While there are many books that fit the bill – anything by Frederic Bastiat and F.A. Hayek comes to mind – one, in particular, is a truly great read and quite accessible.
That is, while it offers timeless economic axioms of great import, it does so in a conversational and easy-to-understand manner. So easy, in fact, that even your favorite public policy maker should be able to understand it. Ahem.
That book is Henry Hazlitt’s “Economics in One Lesson” from 1946. Hazlitt was a storied Wall Street Journal scribe with writing chops so adroit that he succeeded the legendary H.L. Mencken as editor of The American Mercury.
As Steve Forbes reminded in the foreword to the 1996 edition:
“Reading ‘Economic is One Lesson’ is sheer joy because, as Mencken said, Hazlitt could really write. In the clearest and most lucid terms, the author spills forth his arguments against every major tenet of conventional economic thinking.
“Wasting nothing, his attacks show why these tenets are wrong in practice and in principle. On the feel-good goal of full employment, he notes that we can’t have full production without it, but we surely can have full employment without having full production.
“Our focus must always be on growth and production. Labor-saving machines don’t cause unemployment but actually create more and better jobs.”
And as Hazlitt himself put it:
“The best way to raise wages, therefore, is to raise marginal labor productivity. This can be done by many methods: by an increase in capital accumulation – i.e., by an increase in the machines with which the workers are aided; by new inventions and improvements; by more efficient management on the part of employers; by more industriousness and efficiency on the part of workers; by better education and training.
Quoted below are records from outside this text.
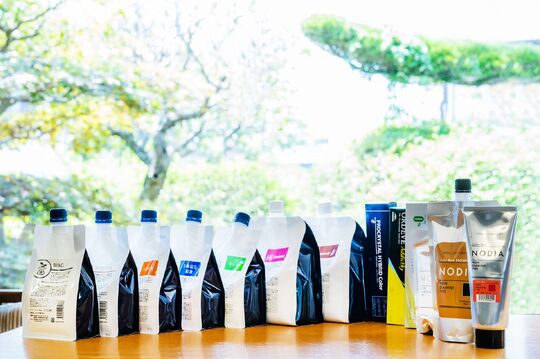 【長行東】≪社会保険完備・平均退勤時間18時頃・有給休暇あり≫オーナーさんから薬剤知識・スパの技術が学べます！落ち着きのある雰囲気で大人女性から大人気のヘアサロン「hair healing salon az luxury（ヘアーヒーリングサロンアズラグジュアリー）」からスタイリスト（美容師）の求人☆★☆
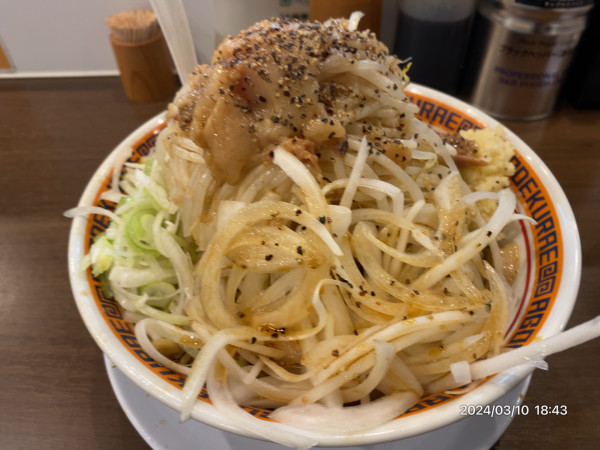 「汁なし 全部マシお腹空いた」@顎で喰らえ ラウンドワン草加店の写真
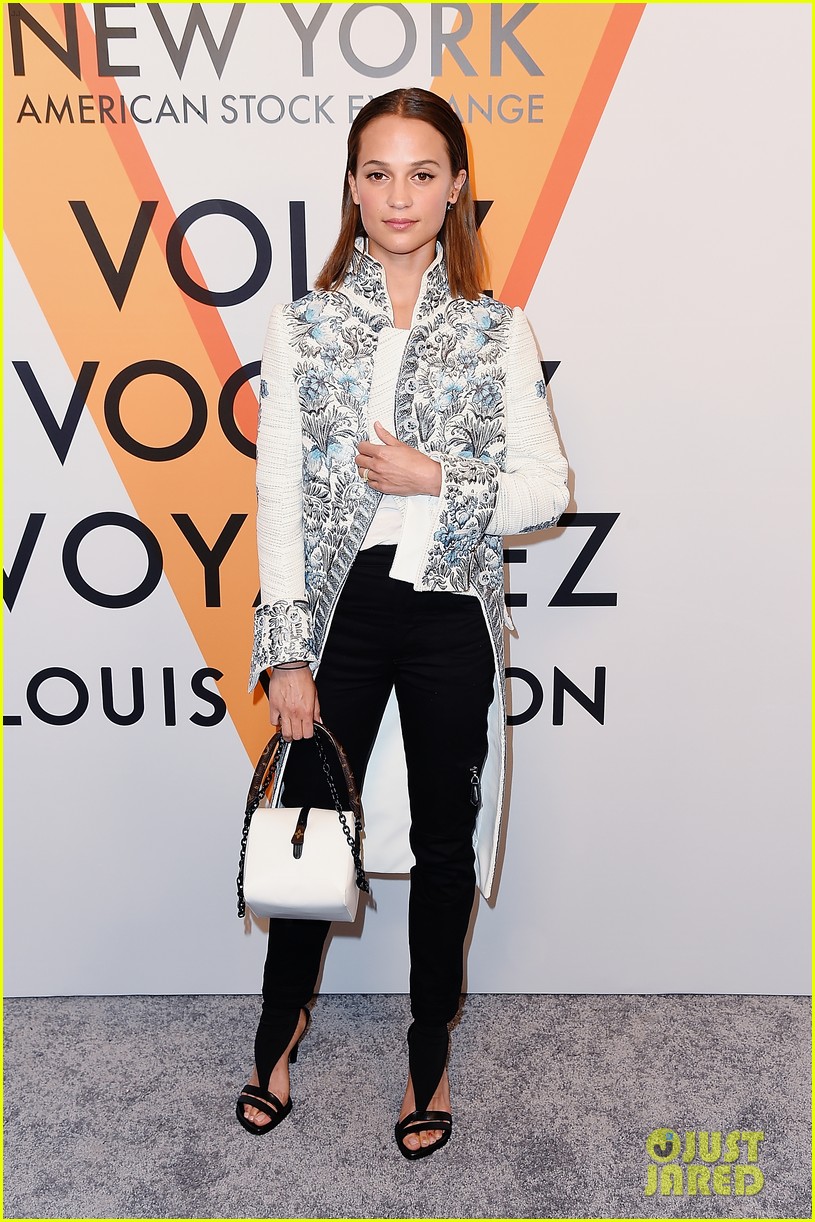 Alicia Vikander Wears Her Wedding Ring for First Official Appearance as(02)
“The more the individual worker produces, the more he increases the wealth of the whole community. The more he produces, the more his services are worth to consumers and, hence, to employers. And the more he is worth to employers, the more he will be paid. Real wages come out of production, not out of government decrees.”
Oh, how sad that so few contemporary public policy makers simply don’t get that.
The concluding chapter of “Economics in One Lesson” offers this phenomenal truism:
“Now few people recognize the necessary implications of the economic statements they are constantly making. When they say that the way to economic salvation is to increase credit, it is just as if they said that the way to economic salvation is to increase debt: these are different names for the same thing seen from opposite sides.
“When they say that the way to prosperity is to increase farm prices, it is like saying that the way to prosperity is to make food dearer for the city worker.
“When they say that the way to national wealth is to pay out governmental subsidies, they are in effect saying that the way to national wealth is to increase taxes.
“When they make it a main objective to increase exports, most of them do not realize that they necessarily make it a main objective ultimately to increase imports.
“When they say, under nearly all conditions, that the way to recovery is to increase wage rates, they have found only another way of saying that the way to recovery is to increase costs of production.”
Pardon the less-than-scholarly summation but this is good stuff. And at a slim 195 pages, it’s a summer tutorial well worth the time of thinking people.